Approximation algorithms for NMR spectral peak assignment

  • Authors:
  • Zhi-Zhong Chen;Tao Jiang;Guohui Lin;Jianjun Wen;Dong Xu;Jinbo Xu;Ying Xu

  • Affiliations:
  • Department of Mathematical Sciences, Tokyo Denki University, Hatoyama, Saitama 350-0394, Japan;Department of Computer Science, University of California, Riverside, CA;Department of Computing Science, University of Alberta, Edmonton, Alberta T6G 2E8, Canada;Department of Computer Science, University of California, Riverside, CA;Protein Informatics Group, Oak Ridge National Laboratory, Oak Ridge, TN;Department of Computer Science, University of Waterloo, Waterloo, Ontario N2L 3G1, Canada;Protein Informatics Group, Oak Ridge National Laboratory, Oak Ridge, TN

  • Venue:
  • Theoretical Computer Science
  • Year:
  • 2003

Quantified Score

Hi-index 5.23

Visualization

Abstract

We study a constrained bipartite matching problem where the input is a weighted bipartite graph G = (U, V, E), U is a set of vertices following a sequential order, V is another set of vertices partitioned into a collection of disjoint subsets, each following a sequential order, and E is a set of edges between U and V with non-negative weights.
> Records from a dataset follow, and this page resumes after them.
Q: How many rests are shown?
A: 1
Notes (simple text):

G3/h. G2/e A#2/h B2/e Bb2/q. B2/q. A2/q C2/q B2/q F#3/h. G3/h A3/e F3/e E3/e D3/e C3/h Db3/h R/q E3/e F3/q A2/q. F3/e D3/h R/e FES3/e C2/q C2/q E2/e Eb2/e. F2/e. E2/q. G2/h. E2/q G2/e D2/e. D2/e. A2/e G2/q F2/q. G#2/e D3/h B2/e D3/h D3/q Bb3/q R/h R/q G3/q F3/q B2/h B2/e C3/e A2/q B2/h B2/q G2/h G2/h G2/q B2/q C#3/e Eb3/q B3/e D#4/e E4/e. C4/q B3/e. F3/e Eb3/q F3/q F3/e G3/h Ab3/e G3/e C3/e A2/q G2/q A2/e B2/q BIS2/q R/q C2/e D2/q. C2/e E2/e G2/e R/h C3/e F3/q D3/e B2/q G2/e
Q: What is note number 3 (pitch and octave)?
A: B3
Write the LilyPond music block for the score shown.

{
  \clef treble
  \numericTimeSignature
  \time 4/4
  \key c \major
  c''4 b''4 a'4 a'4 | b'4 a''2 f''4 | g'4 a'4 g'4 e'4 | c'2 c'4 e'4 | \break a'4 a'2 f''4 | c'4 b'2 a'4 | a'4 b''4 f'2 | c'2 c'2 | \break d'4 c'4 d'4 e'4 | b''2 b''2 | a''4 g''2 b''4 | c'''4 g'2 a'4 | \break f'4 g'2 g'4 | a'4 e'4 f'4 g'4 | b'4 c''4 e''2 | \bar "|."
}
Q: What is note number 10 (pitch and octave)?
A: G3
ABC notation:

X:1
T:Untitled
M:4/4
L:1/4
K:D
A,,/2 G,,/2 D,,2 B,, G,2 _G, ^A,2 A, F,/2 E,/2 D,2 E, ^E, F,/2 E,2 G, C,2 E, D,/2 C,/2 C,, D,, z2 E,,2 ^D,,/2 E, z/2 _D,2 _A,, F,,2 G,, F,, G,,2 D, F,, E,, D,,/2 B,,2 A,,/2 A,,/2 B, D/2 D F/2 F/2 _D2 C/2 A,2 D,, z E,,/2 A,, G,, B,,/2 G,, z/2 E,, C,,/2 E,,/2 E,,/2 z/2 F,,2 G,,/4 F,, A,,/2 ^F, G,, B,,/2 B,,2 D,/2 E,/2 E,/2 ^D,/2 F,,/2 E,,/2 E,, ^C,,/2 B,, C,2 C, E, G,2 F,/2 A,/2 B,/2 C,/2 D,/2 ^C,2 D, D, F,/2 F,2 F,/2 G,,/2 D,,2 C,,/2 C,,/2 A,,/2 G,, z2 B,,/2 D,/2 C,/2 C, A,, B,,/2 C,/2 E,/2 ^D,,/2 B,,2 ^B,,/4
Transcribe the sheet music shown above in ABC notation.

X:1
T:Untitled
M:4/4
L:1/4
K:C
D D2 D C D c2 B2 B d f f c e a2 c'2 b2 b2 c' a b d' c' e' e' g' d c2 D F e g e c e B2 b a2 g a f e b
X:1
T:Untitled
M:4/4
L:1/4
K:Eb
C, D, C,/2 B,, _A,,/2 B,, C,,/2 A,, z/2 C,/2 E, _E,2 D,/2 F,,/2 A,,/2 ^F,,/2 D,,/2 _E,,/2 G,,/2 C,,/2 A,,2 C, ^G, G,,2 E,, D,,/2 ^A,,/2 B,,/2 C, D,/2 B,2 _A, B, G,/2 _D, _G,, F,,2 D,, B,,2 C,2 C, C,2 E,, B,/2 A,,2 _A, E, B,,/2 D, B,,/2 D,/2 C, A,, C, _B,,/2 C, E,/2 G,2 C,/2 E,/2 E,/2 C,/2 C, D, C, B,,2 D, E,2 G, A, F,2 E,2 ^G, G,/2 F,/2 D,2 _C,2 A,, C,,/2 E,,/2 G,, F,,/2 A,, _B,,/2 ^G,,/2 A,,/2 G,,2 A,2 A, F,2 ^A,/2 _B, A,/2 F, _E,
The objective is to find a matching in G with the maximum weight that satisfies the given sequential orders on both U and V, i.e. if ui+1 follows ui in U and if Vj+1 follows vj in V, then ui is matched with vj if and only if ui+1 is matched with vj+1. The problem has recently been formulated as a crucial step in an algorithmic approach for interpreting NMR spectral data (IEEE Comput Sci. Eng. 4 (2002) 50-62). The interpretation of NMR spectral data is known as a key problem in protein structure determination via NMR spectroscopy. Unfortunately, the constrained bipartite matching problem is NP-hard (IEEE Comput. Sci. Eng. 4 (2002) 50-62). We first propose a 2-approximation algorithm for the problem, which follows directly from the recent result of Bar-Noy et al. (Proc. 32nd ACM Symp. on Theory of Computing (STOC'00), 2000, pp. 735 -744) on interval scheduling. However, our extensive experimental results on real NMR spectral data illustrate that the algorithm perform poorly in terms of recovering target-matching edges. We then propose another approximation algorithm that tries to take advantage of the "density" of the sequential order information in V. Although we are only able to prove an approximation ratio of 3 log2D for this algorithm, where D is the length of a longest string in V, the experimental results demonstrate that this new algorithm performs much better on real data, i.e. it is able to recover a large fraction of target-matching edges and the weight of its output matching is often in fact close to the maximum. We also prove that the problem is MAX SNP-hard, even if the input bipartite graph is unweighted. We further present an approximation algorithm for a nontrivial special case that breaks the ratio 2 barrier.